**Task item:**
Transcribe the listing below word for word but skip its images.
Start of Exercise materials
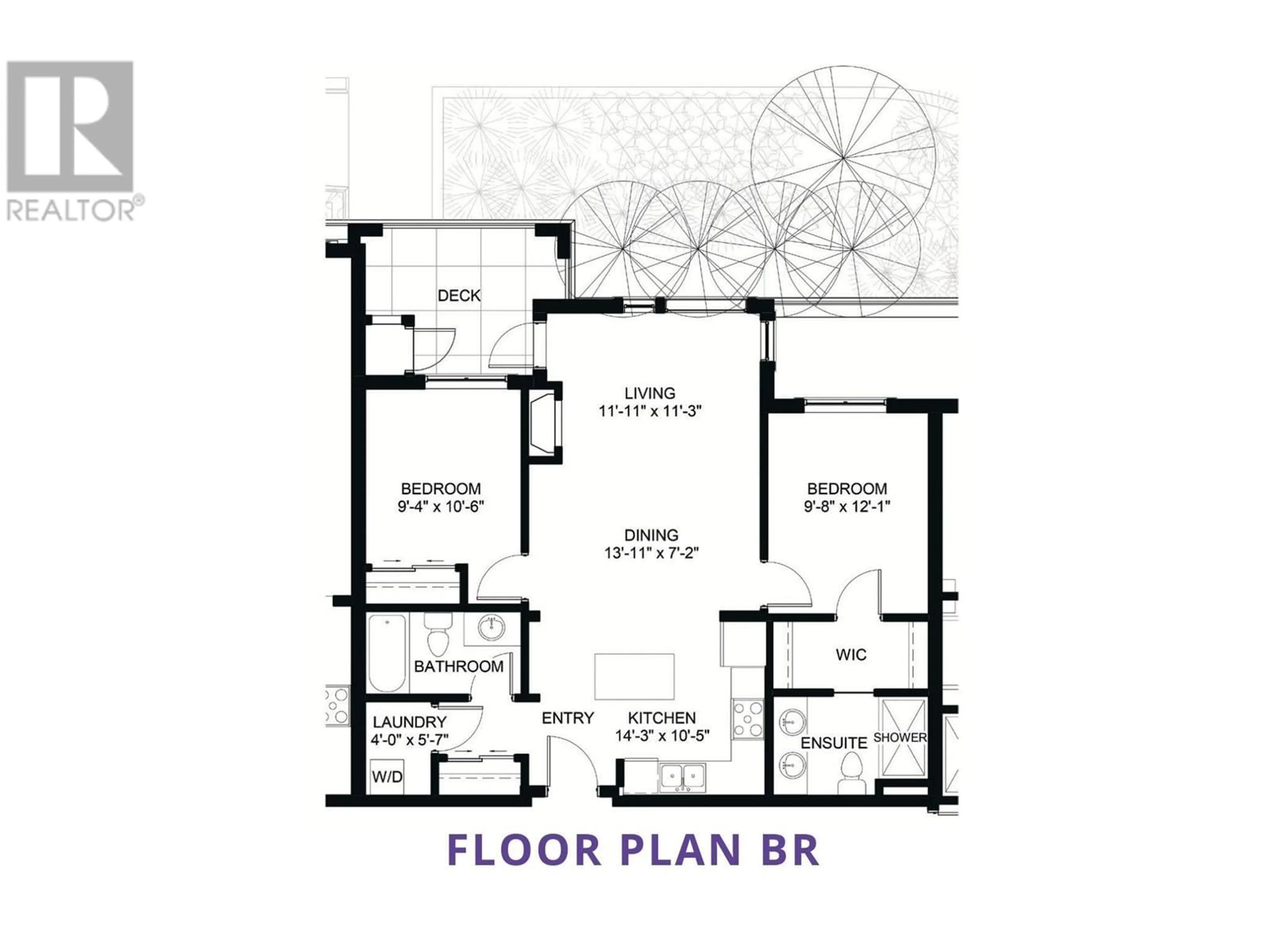 Floor plan for 102 - 2171 VAN HORNE DRIVE, Kamloops British Columbia V1S0E2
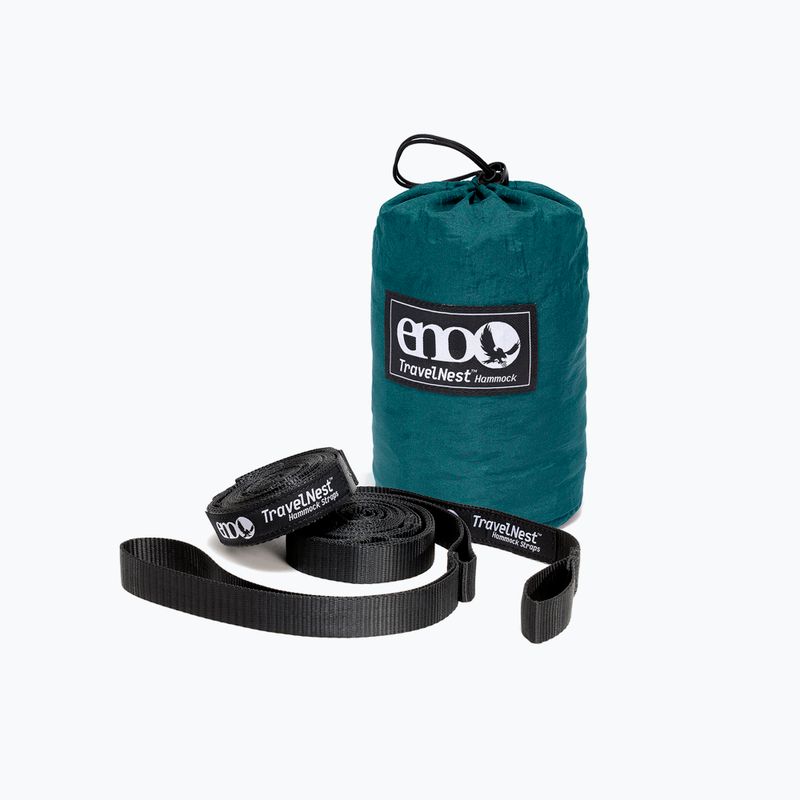 Гамак туристичний ENO Travel Nest And Straps marine 2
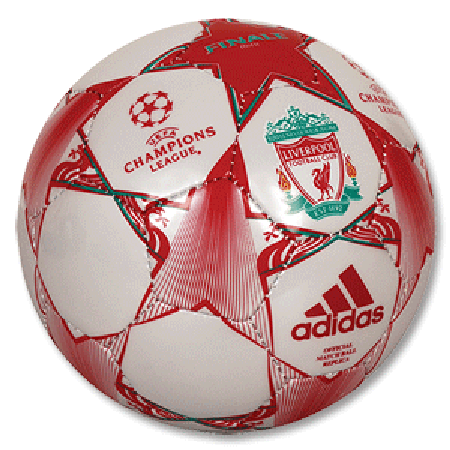 08-09 Liverpool Skills Ball White/Red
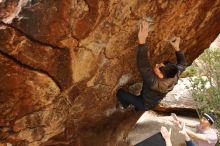 Bouldering in Hueco Tanks on 01/16/2020 with Blue Lizard Climbing and Yoga

Filename: SRM_20200116_1052130.jpg
Aperture: f/4.5
Shutter Speed: 1/250
Body: Canon EOS-1D Mark II
Lens: Canon EF 16-35mm f/2.8 L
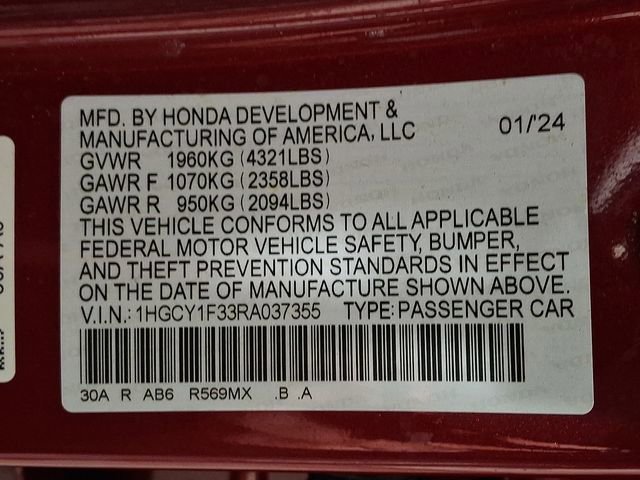 Used 2024 Honda Accord EX image 27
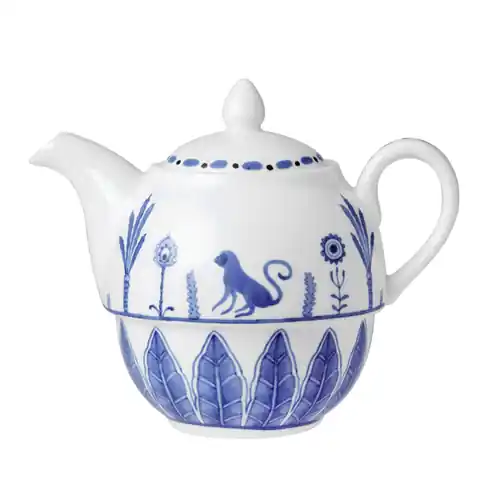 Beliebt Teekanne SULTAN`S GARDEN BLUE Bone China 46 cl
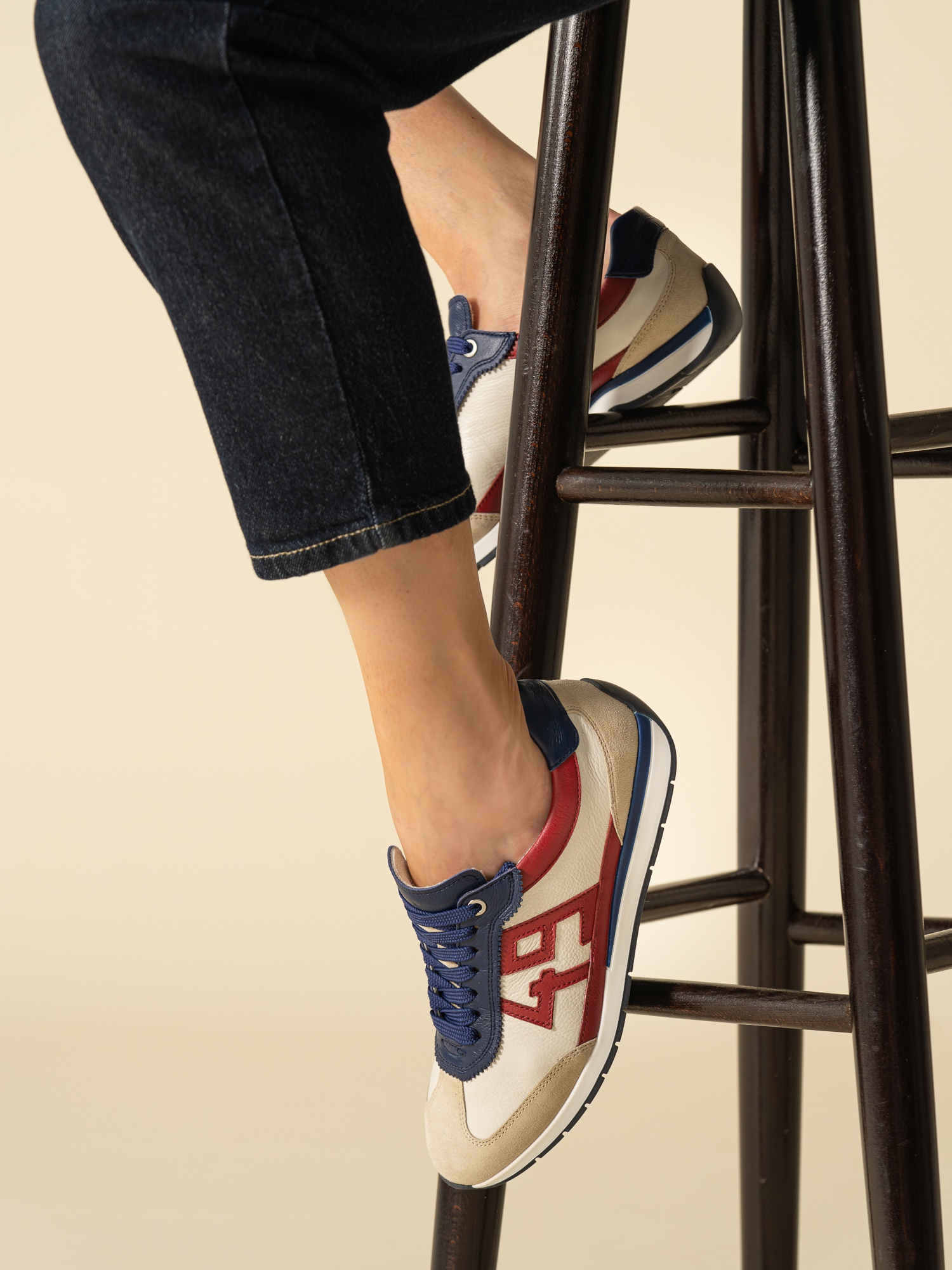 Ara Sneaker »PORTOFINO«  Freizeitschuh, Halbschuh, Schnürschuh in Bequemweite G 1/2 (= weit)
End of Exercise materials
**Task output:**
 Floor plan for 102 - 2171 VAN HORNE DRIVE, Kamloops British Columbia V1S0E2
 Гамак туристичний ENO Travel Nest And Straps marine 2
 08-09 Liverpool Skills Ball White/Red
 Bouldering in Hueco Tanks on 01/16/2020 with Blue Lizard Climbing and Yoga

Filename: SRM_20200116_1052130.jpg
Aperture: f/4.5
Shutter Speed: 1/250
Body: Canon EOS-1D Mark II
Lens: Canon EF 16-35mm f/2.8 L
 Used 2024 Honda Accord EX image 27
 Beliebt Teekanne SULTAN`S GARDEN BLUE Bone China 46 cl
 Ara Sneaker »PORTOFINO«  Freizeitschuh, Halbschuh, Schnürschuh in Bequemweite G 1/2 (= weit)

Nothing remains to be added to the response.